Despite these studies which suggest eggs may be an important contributor to CVD, there are others (in addition to the update mentioned above) that find no such associated risk. For example, an umbrella review of meta-analyses and systemic reviews published in Public Health Nutrition found no increase in risk for CVD in the general population, though there may be a link between eggs and type 2 diabetes in U.S. cohorts only, as well as a possible risk for heart failure. A large meta-analysis of 39 studies published in the European Journal of Nutrition included nearly 2 million individuals and concluded that there was no strong association between CVD outcomes when comparing 1 egg per day to none, though men did appear to have an increase in risk for heart failure in U.S. cohorts. Instead, they found that moderate intake (4 eggs per week) may carry a lower risk for CVD than no intake. This finding parallels one published in the American Journal of Medicine, that >1 egg per day reduced the risk of coronary artery disease compared to 1 or no eggs per day.

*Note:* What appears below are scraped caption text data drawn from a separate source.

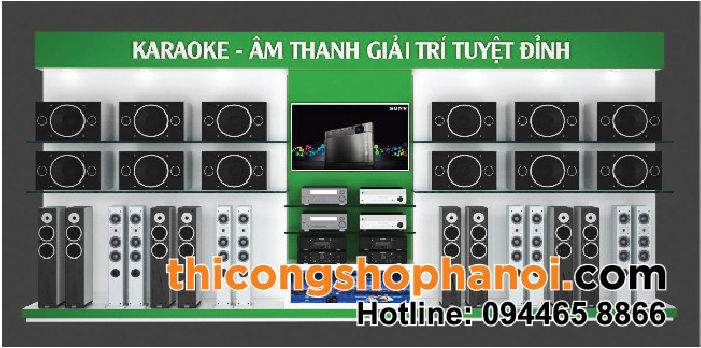 TOP 10 MẪU THiẾT KẾ SHOP, SHOWROOM, CỬA HÀNG THIẾT BỊ ÂM THANH ĐẸP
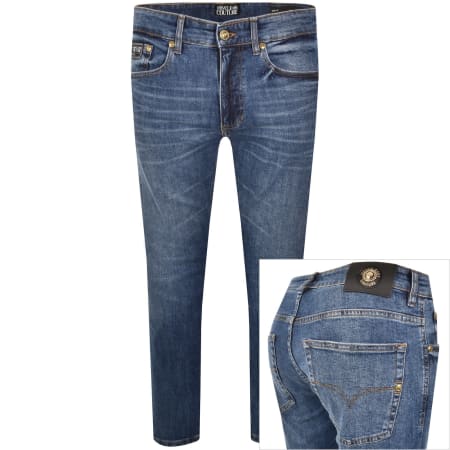 Product image for Versace Jeans Couture Slim Milano Jeans Blue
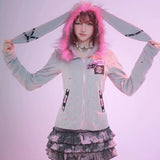 [Evil Tooth] My Rockstar Punk Bunny! Hoodie and skirt set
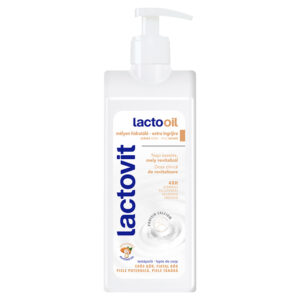 LACTOVIT TESTÁPOLÓ 400ML PUMP. LACTOOIL MÉLYEN HIDRATÁLÓ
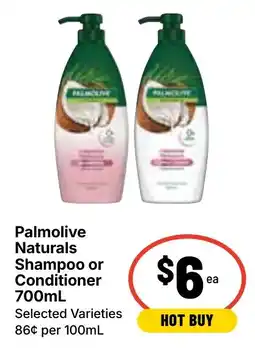 Ritchies Palmolive Naturals Shampoo or Conditioner offer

It's difficult to know how to interpret these mixed findings, and the type of high-quality studies that would sharpen this picture may never come. It seems clear that a limited number of eggs is not likely to substantially increase the risk of disease, though genetic background and/or other dietary/lifestyle patterns may modify this risk, and men with a particularly high risk for heart failure may want to be cautious. Regarding genetic factors, a recent study published in the American Journal of Clinical Nutrition offers insight. In this study based in China, a polygenic risk score (based on 540 genetic variants) made a large impact on risk. With over 34,000 participants, a small increase in risk for coronary artery disease was observed with egg consumption for everyone, but people genetically predisposed had roughly a tripling in their risk for CAD over a 10-year period when consuming 10 or more eggs per week. Perhaps this type of genetic predictor may play a role in identifying individuals most at risk with more precision than observational studies.